Years of work went into this moment, and Toyota was perfectly positioned to take advantage of the weird post-pandemic world we’re all trying to survive. But that’s not going to work forever. If you want things to stay the same (in this case, if you want to keep printing money) you’ve got to be willing to change. What’s Toyota’s next act going to be?

Wholesale used car prices are down a bunch as automakers have new cars to sell, which is nice. New cars! What a time to be alive.

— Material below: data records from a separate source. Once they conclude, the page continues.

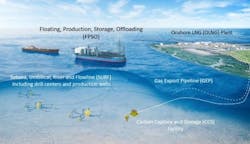 Abadi LNG liquefaction project in Masela block, Indonesia, incorporating a carbon capture and storage component. Abadi LNG liquefaction project in Masela block, Indonesia, incorporating a carbon capture and storage component.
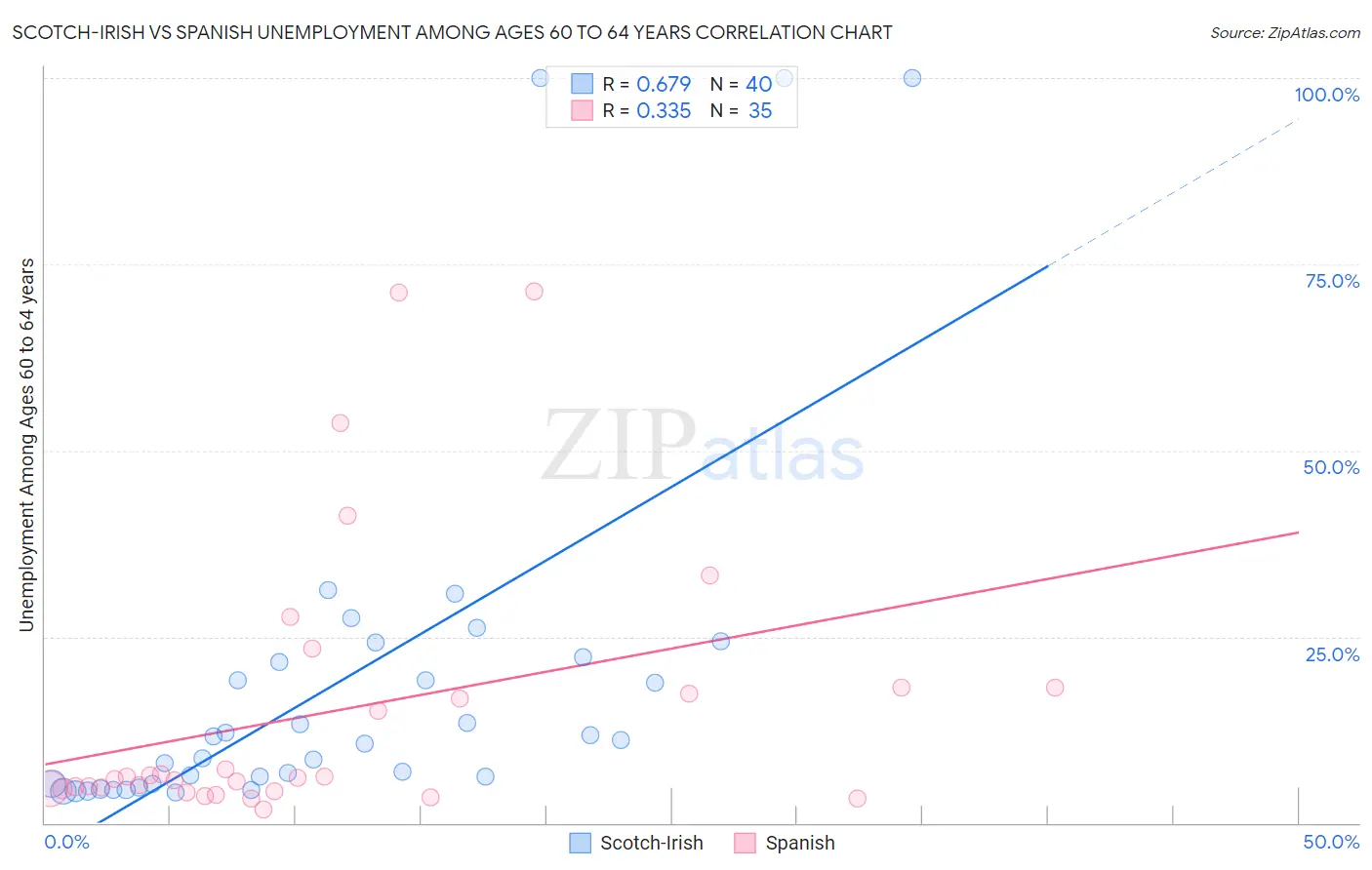 Scotch-Irish vs Spanish Unemployment Among Ages 60 to 64 years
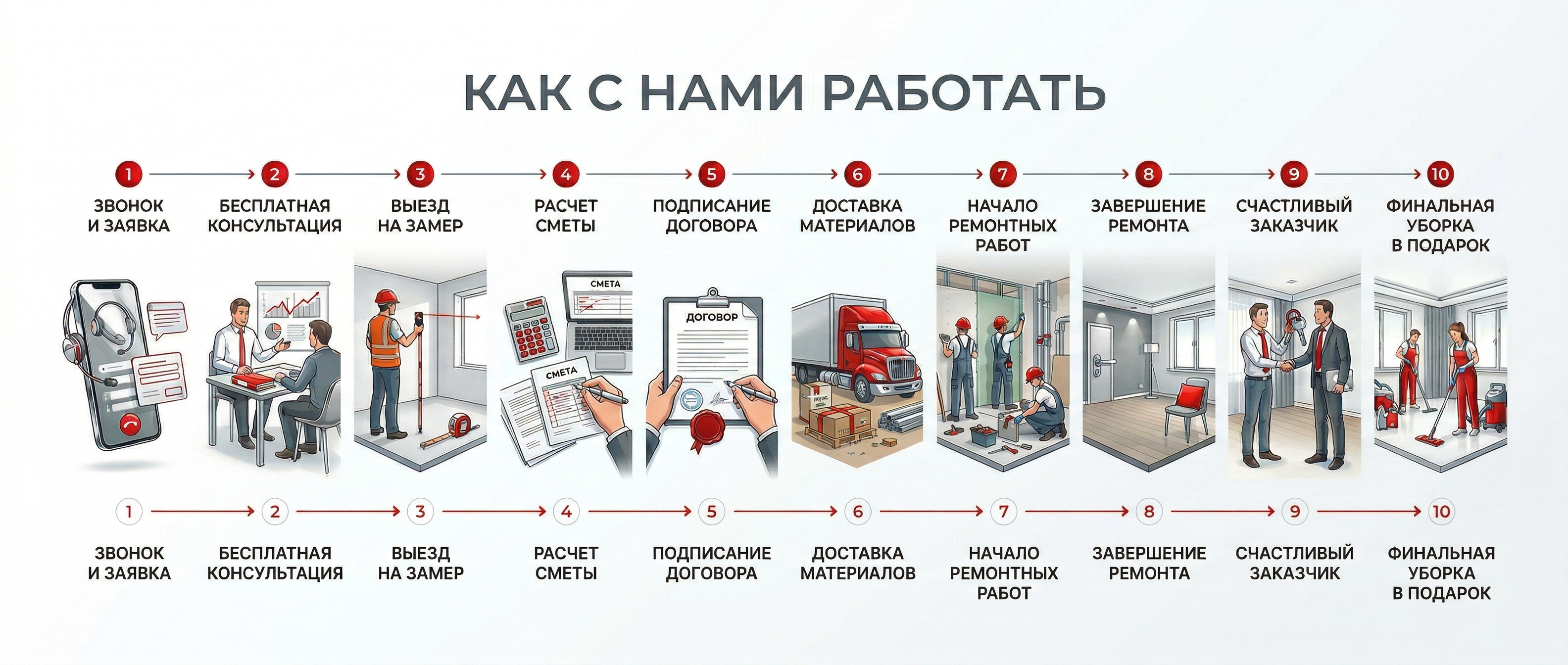 Схема процесса работы компании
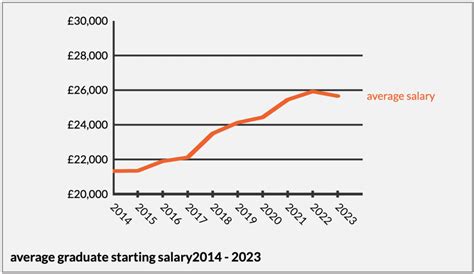 uk salary database 2023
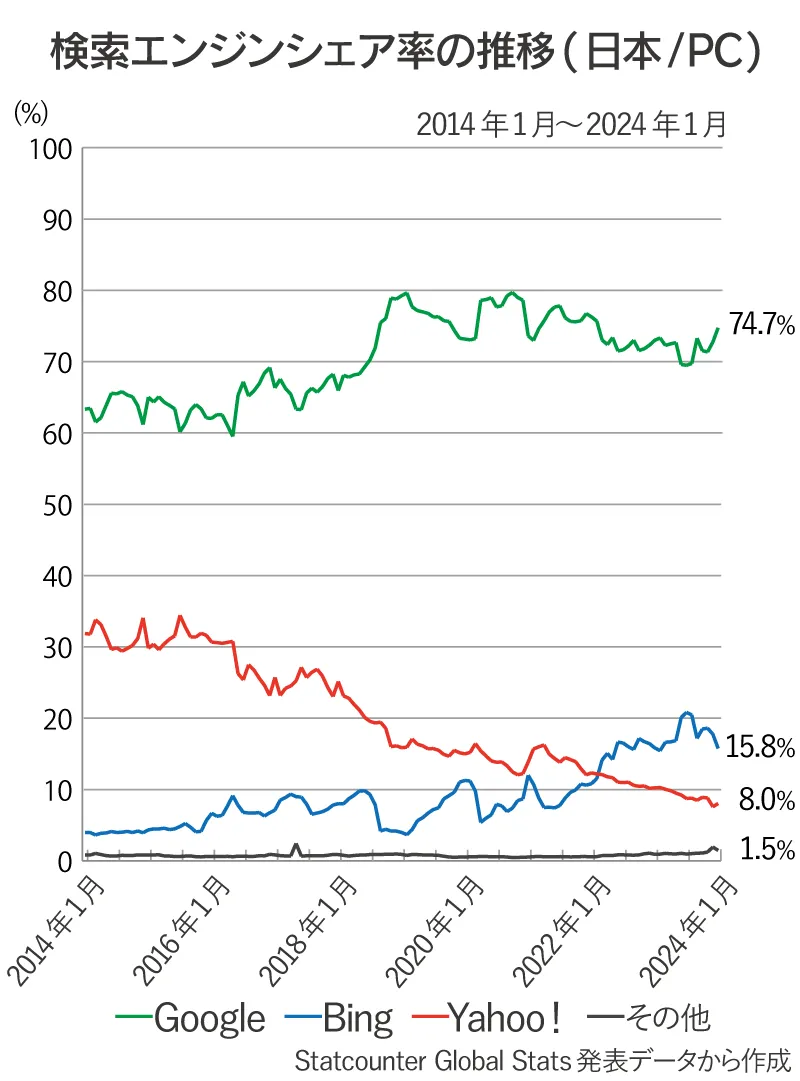 日本国内のPC版検索エンジン（Google、Yahoo!、その他）シェア率推移の折れ線グラフ（2014年1月～2024年1月）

This is weirdly kinda bad for some automakers as they experienced a period where they could charge silly money for cars coming off lease. BMW is one of those automakers and its financials were a little meh because of it.

And, finally, they’re all doing better than Rivian, who is losing $38k per car.

Toyota Made 5 Trillion Yen Last Year

Big Tymers

Toyota, like many Japanese companies, is on a financial calendar that ends in the first quarter of the year. This means that Toyota’s fiscal year is over and the company can report how much it made. It made a lot. Specifically, the company made 5.35 trillion yen in profit, which is $34.5 billion.

According to NHK, that’s the most any public Japanese company has ever made in a year. The company’s fourth-quarter (January-March) performance saw Toyota’s operating profits up 78%, which certainly helped.

Why did this happen?

The obvious thing is that this is the “Year of the Hybrid” and Toyota is the hybrid company, with the most accessible and varied range of products. Sales are way up and a lot of those sales are hybrids. The slightly less obvious thing is that the yen is down a lot to the dollar, which is good for a massive producer and exporter like Toyota.

Toyota’s CEO Koji Sato got into this in his prepared remarks:

In the previous fiscal year, our diverse product lineup enabled us to provide our customers with many cars. We believe that this achievement is the result of years of determined product-centered management and the building up of our business foundation.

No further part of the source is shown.